The Azure team recently shipped a Community Preview (CTP) for AppFabric, with Service Bus Queues and Service Bus Topics, which can be leveraged in a whole new set of scenarios to build Occasionally Connected or Distributed Systems.
The AppFabric Service Bus already provides a simple Messaging platform which is already in Production. This works fine as long as the Producer and the Consumer are online at the same time. What the CTP introduces in form of Service Bus Queues is the ability to create asynchronous messages, where the messages will be reliably stored till the consumer consumes the message – if the Consumer is offline, the messages will just keep queuing till the consumer comes back online.
As David Ingham explains, Asynchronous Queues offer a lot of potential benefits - especially load leveling and balancing, loose coupling between the different components of a system.
Service Bus Topics is very similar to Queues, with one major difference – the publish/subscribe pattern provided by Topics allows each published message to be available for multiple subscriptions once they are registered to that Topic. Each subscription tracks the last message it read in a particular Topic, so from the consumer end, each subscription looks like a separate virtual Queue.
Subscriptions can also have rules in place to filter messages from the Topic based on their properties – so each consumer can get it’s distinct subset of messages published in the Topic.
There could be some confusion in terminology between Service Bus Queues and Windows Azure Queues that form a part of the Azure Storage.

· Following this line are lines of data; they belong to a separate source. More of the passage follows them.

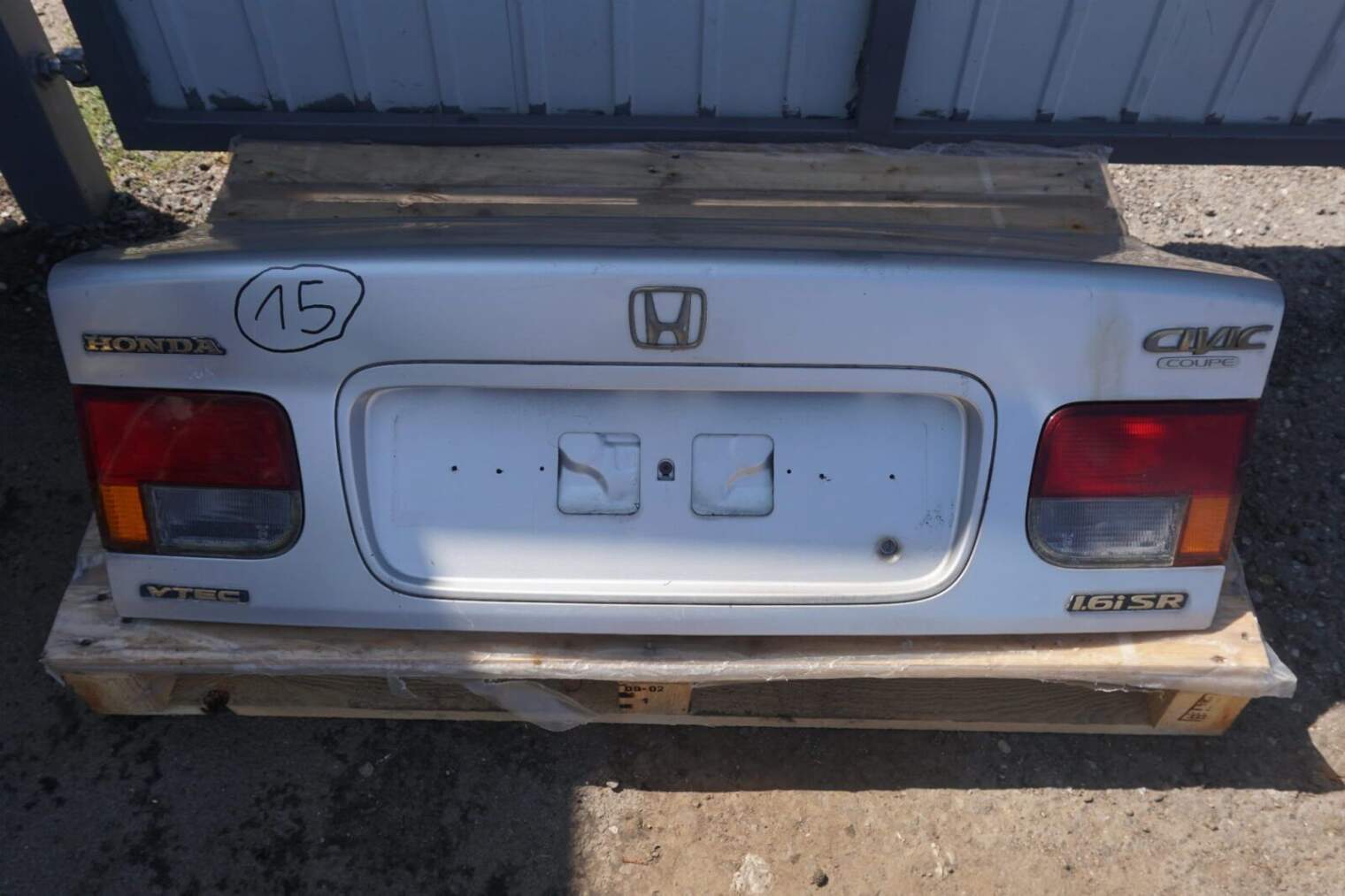 HONDA CIVIC VII COUPE KLAPA BAGAŻNIKA SREBRNA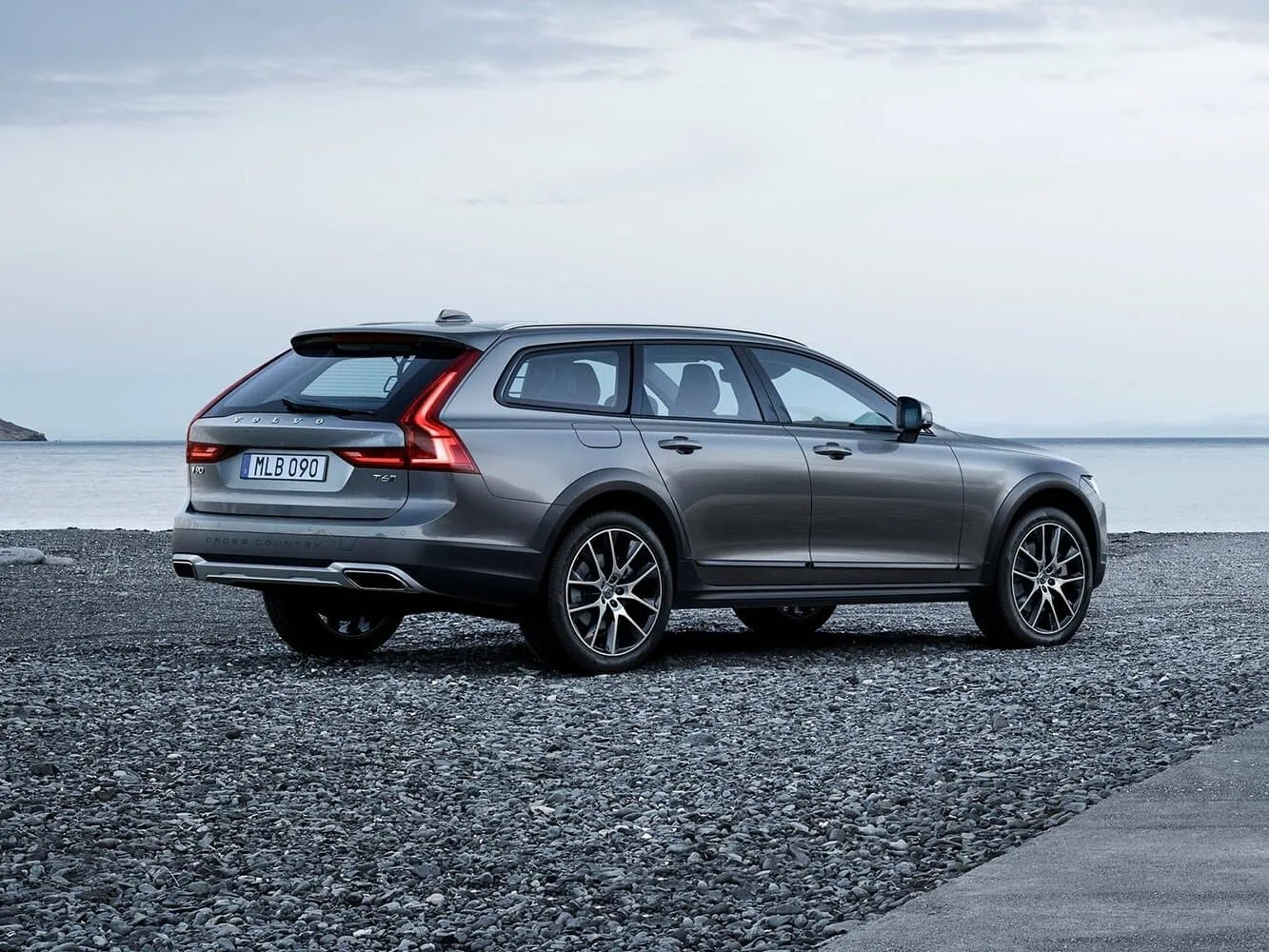Volvo V90 Cross Country I — фото 6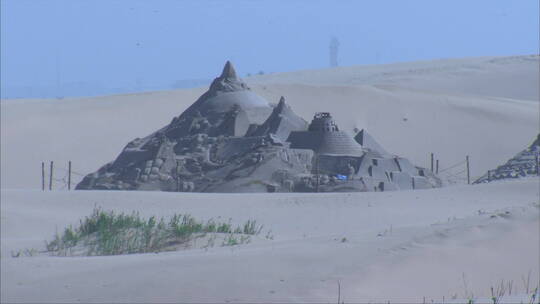 宁夏 沙漠中的城堡沙雕  绿植 中景 大风视频素材模板下载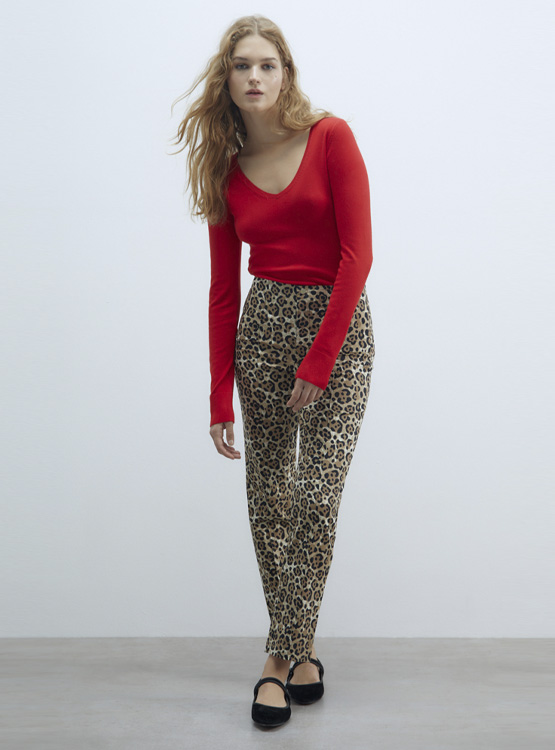 SWEATER MUJER SFERA BÁSICO CUELLO EN V - 2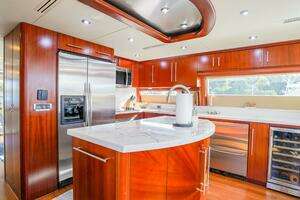 2004 Lazzara Yachts 80 SL thumbnail 29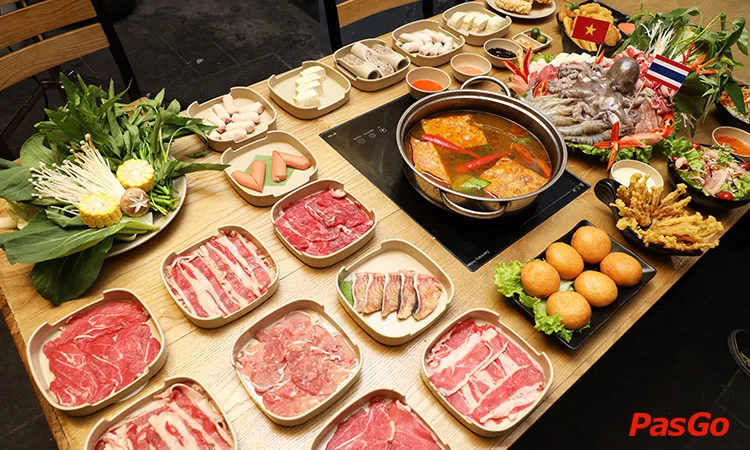 nha-hang-thai-deli-qq8827-lau-thai-hai-san-quan-hoa-1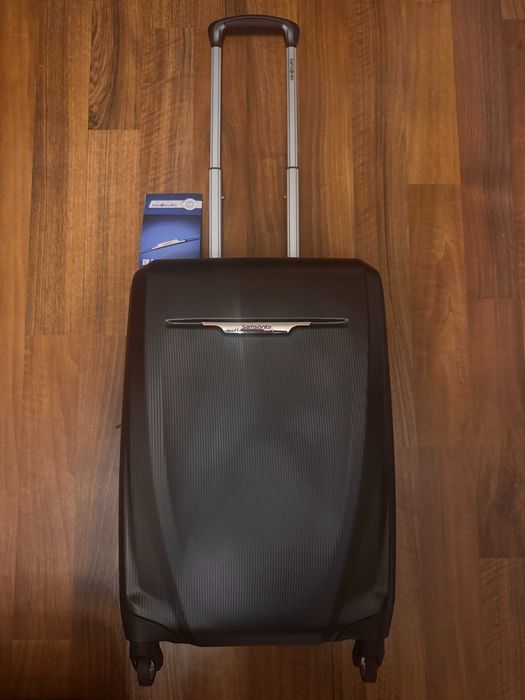 Nowa walizka Samsonite Winfield 3 DLX 20''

As Clemens Vasters describes it in an interview on Channel9, the Windows Server equivalent of Azure Storage Queues is Named Pipes and Mailslots, whereas the equivalent of Service Bus Queues is MSMQ. More guidance on when to use which option is expected to come when the Service Bus Queue goes into production.
AppFabric is a cloud middleware platform for developing, deploying and managing applications on Windows Azure. It provides secure connectivity across network and geographic boundaries.